MAHASISWA PRODI AFI ADAKAN KUNJUNGAN KE SANGGAR ANAK ALAM DALAM MENGENAL PARADIGMA PENDIDIKAN YANG MEMERDEKAKAN

parist  id
Kamis, Agustus 22, 2024 | 20:37 WIB

 


Banjarnegara, PARIST.ID - Mahasiswa program studi Aqidah dan Filsafat Islam (AFI) bersama dengan komunitas PAPPIRUS (Perkumpulan Pengembang Pendidikan Intereligius) mengadakan kegiatan kunjungan ke Sanggar Anak Alam (SALAM) pada 6 Juli 2024, pukul 09.00 WIB. Kunjungan tersebut bertujuan untuk mengenal paradigama pendidikan yang memerdekan siswa melalui metode riset. Kegiatan tersebut melibatkan diskusi serta sesi tanya jawab langsung dengan pendiri SALAM.
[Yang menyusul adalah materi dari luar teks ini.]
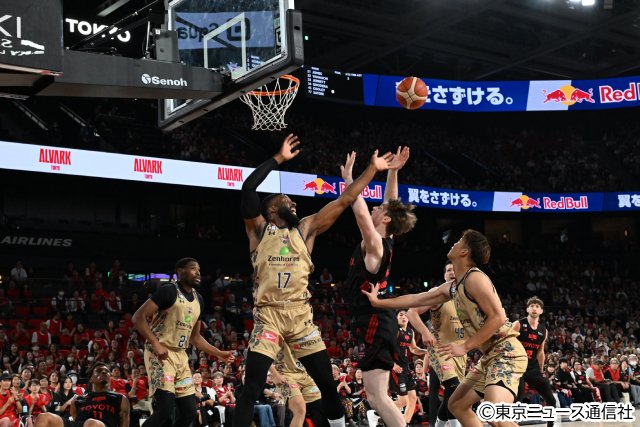 10年前の対戦再び! Bリーグ「シン・バスケ」開幕。「A東京×琉球」熱戦フォトレポート!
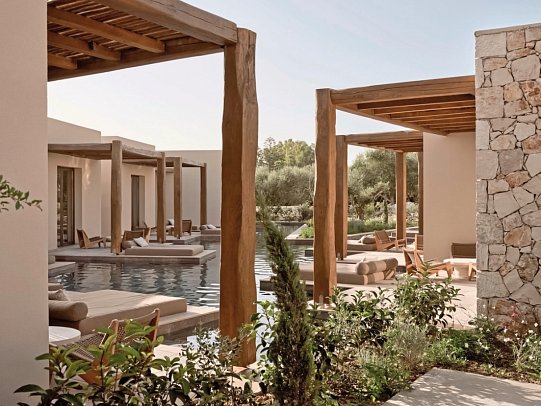 Pierros Verde Private Suites - Wonbeispiel Juniorsuite Swim-Up (Zimmercodierung JBQ)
Sanggar Anak Alam (SALAM) merupakan sebuah sekolah non-formal yang berdiri pada tahun 1988 di Desa Lawen, Kecamatan Pandanarum, Banjarnegara. Kemudian. Dihidupkan kembali oleh Sri Wahyaningsih dan Toto Rahardjo pada 20 Juni 2000 di Kampung Nitiprayan, Kelurahan Ngestiharjo, Bantul, Yogyakarta. Sekolah ini didirikan atas dasar keprihatinan atas sistem pendidikan di Indonesia.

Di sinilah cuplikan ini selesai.